The UQ Antiquities Museum was founded in 1963 and initially purchased many artefacts from

Folio Fine Art, the art branch of the Folio Society which the late Charles Ede had founded in 1947. When, in 1971, the Charles Ede gallery was founded, the Museum continued to work

with them to acquire quality artefacts for its collections. Over the past 50 years, the Museum

has purchased more than 150 artefacts from the gallery. The focus of this relationship has

always been on acquiring high quality artefacts for use in teaching students of Classics and

Ancient History about the past. At the same time, the Museum and Charles Ede have worked

closely together to ensure that artefacts acquired in this way are of the highest standard when it

comes to provenance and the ethical trade in antiquities.

An early and significant acquisition was an Athenian Glaux Skyphos, purchased in 1972 with

funds from the University’s Castlehow Bequest. In fact, the skyphos was the first artefact

purchased with this bequest, named after Associate Professor Stanley Castlehow, Lecturer in

Greek language at the University from 1915-1957. Apart from being an excellent teaching

example of the glaux type, and beloved by generations of students and staff at the university, the cup has also entered into the built environment of the university itself. In the University’s

historic Great Court, a grotesque of Castlehow appears, sculpted in 1977 by Dr Rhyl Hinwood

AM, holding the very Skyphos purchased from Charles Ede in 1972. In this way the artefact has

entered into the history of the university itself, memorialised in stone.

More recently, and with an increased focus on due diligence and the acquisition of

impeccably documented artefacts by collections worldwide, the Museum has worked closely

with Charles Ede to acquire artefacts with strong collecting histories and stories.

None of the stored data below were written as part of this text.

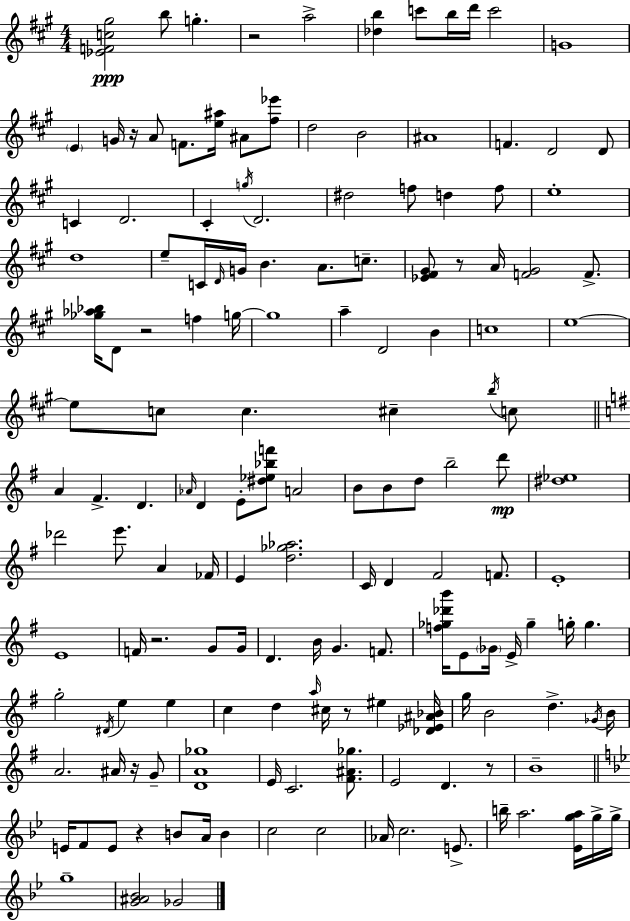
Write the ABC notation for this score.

X:1
T:Untitled
M:4/4
L:1/4
K:A
[_EFc^g]2 b/2 g z2 a2 [_db] c'/2 b/4 d'/4 c'2 G4 E G/4 z/4 A/2 F/2 [e^a]/4 ^A/2 [^f_e']/2 d2 B2 ^A4 F D2 D/2 C D2 ^C g/4 D2 ^d2 f/2 d f/2 e4 d4 e/2 C/4 D/4 G/4 B A/2 c/2 [_E^F^G]/2 z/2 A/4 [F^G]2 F/2 [_g_a_b]/4 D/2 z2 f g/4 g4 a D2 B c4 e4 e/2 c/2 c ^c b/4 c/2 A ^F D _A/4 D E/2 [^d_e_bf']/2 A2 B/2 B/2 d/2 b2 d'/2 [^d_e]4 _d'2 e'/2 A _F/4 E [d_g_a]2 C/4 D ^F2 F/2 E4 E4 F/4 z2 G/2 G/4 D B/4 G F/2 [f_g_d'b']/4 E/2 _G/4 E/4 _g g/4 g g2 ^D/4 e e c d a/4 ^c/4 z/2 ^e [_D_E^A_B]/4 g/4 B2 d _G/4 B/4 A2 ^A/4 z/4 G/2 [DA_g]4 E/4 C2 [^F^A_g]/2 E2 D z/2 B4 E/4 F/2 E/2 z B/2 A/4 B c2 c2 _A/4 c2 E/2 b/4 a2 [_Ega]/4 g/4 g/4 g4 [G^A_B]2 _G2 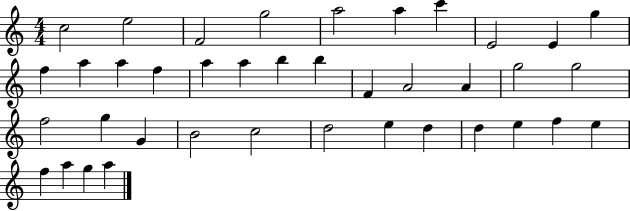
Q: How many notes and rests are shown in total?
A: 39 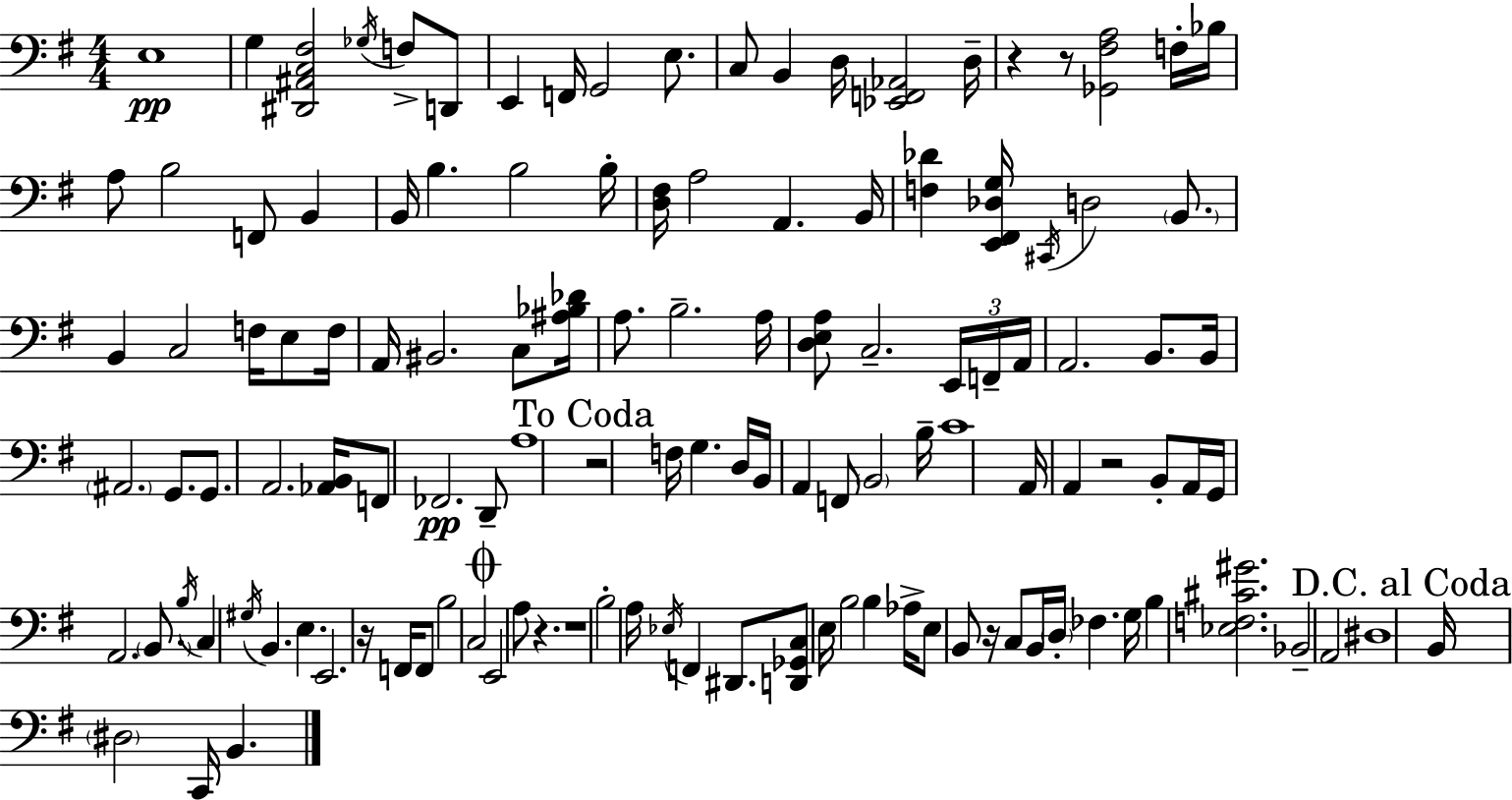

One such acquisition is the Tombstone of Theophile, purchased in 2013 to mark the 50th

anniversary of the Museum’s foundation. The artefact was first excavated by Mr E Dodwell

from the Piraeus Necropolis in 1805 and published in Dodwell’s Classical and Topographical

Tour through Greece in 1819. Subsequently, it passed to the Westport House Collection of the

Marquesses of Sligo in Co. Mayo, Ireland, where it remained until the 1950s. The heavily worn

surface of the tombstone includes a metrical inscription in Greek: “Records of your virtue,

Theophile, will never pass unnoticed, modest and excellent and industrious, possessing every

virtue.”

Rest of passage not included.